Source data:
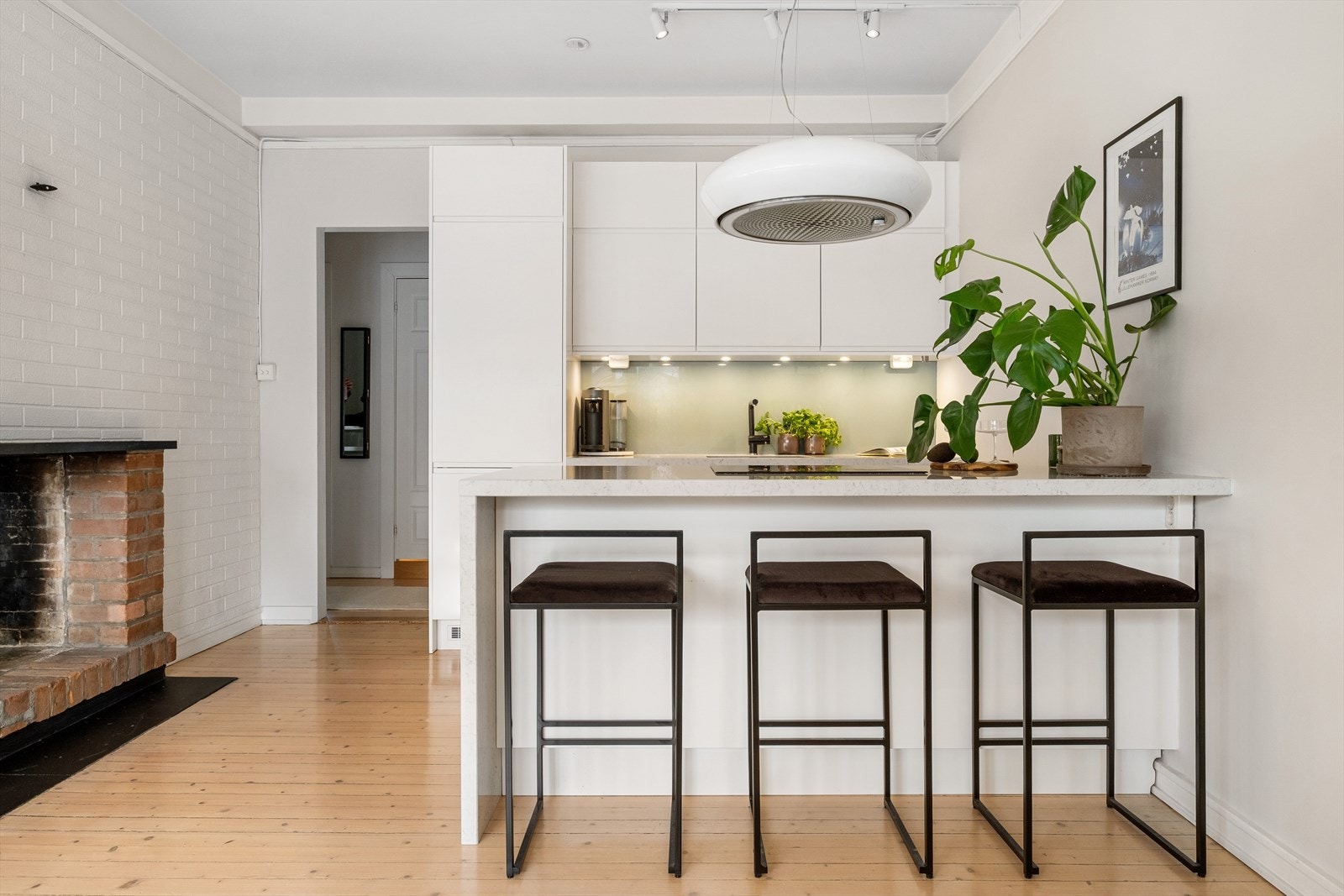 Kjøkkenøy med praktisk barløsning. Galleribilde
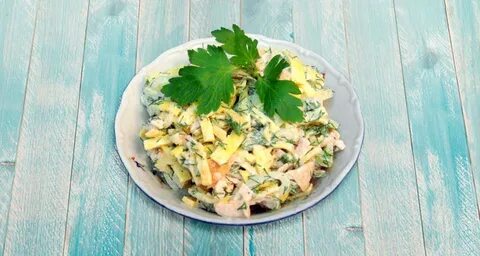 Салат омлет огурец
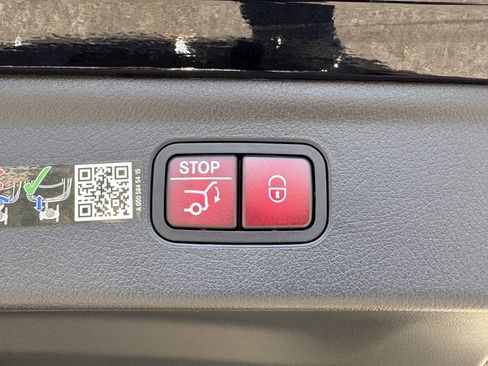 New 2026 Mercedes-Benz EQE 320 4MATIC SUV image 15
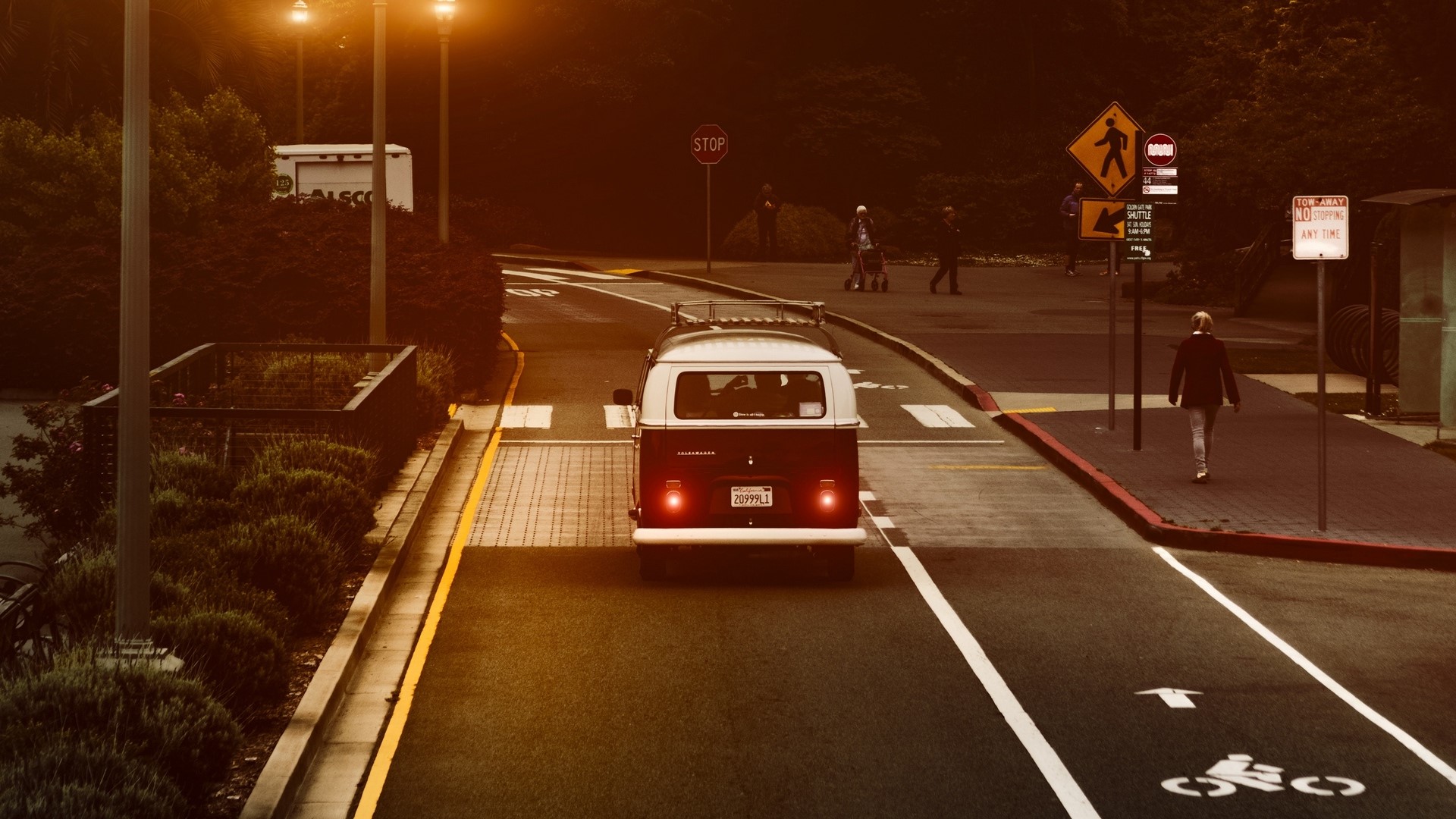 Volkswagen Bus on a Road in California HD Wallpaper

Exercise directions: Repeat the listing above exactly, with no pictures.

Response area:
 Kjøkkenøy med praktisk barløsning. Galleribilde
 Салат омлет огурец
 New 2026 Mercedes-Benz EQE 320 4MATIC SUV image 15
 Volkswagen Bus on a Road in California HD Wallpaper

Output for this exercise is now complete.